ASSIGNMENT
Below is a listing from which only part is wanted; return exactly the lines from the one with "23 Lovely Acrylic Nails" up to and including the one with "Adipurush In Ayodhya".

EXERCISE DATA

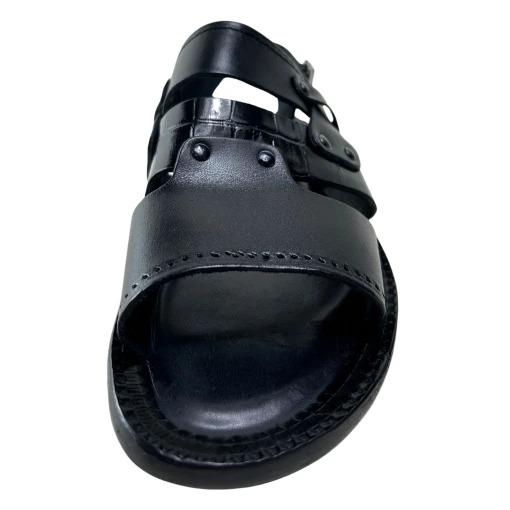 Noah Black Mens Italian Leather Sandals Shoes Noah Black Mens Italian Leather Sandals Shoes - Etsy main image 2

* * *

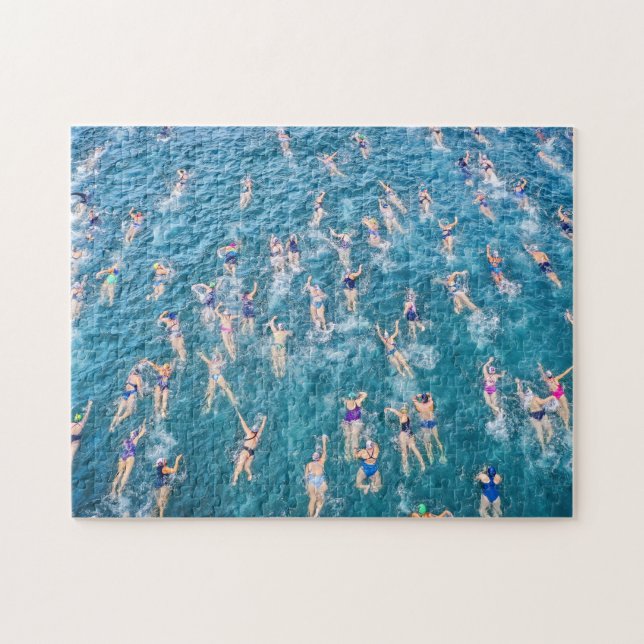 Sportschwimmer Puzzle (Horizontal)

---

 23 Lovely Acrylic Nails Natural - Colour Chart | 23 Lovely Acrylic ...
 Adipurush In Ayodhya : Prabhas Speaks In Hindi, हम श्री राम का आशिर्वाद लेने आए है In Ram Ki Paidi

ANSWER
 23 Lovely Acrylic Nails Natural - Colour Chart | 23 Lovely Acrylic ...
 Adipurush In Ayodhya : Prabhas Speaks In Hindi, हम श्री राम का आशिर्वाद लेने आए है In Ram Ki Paidi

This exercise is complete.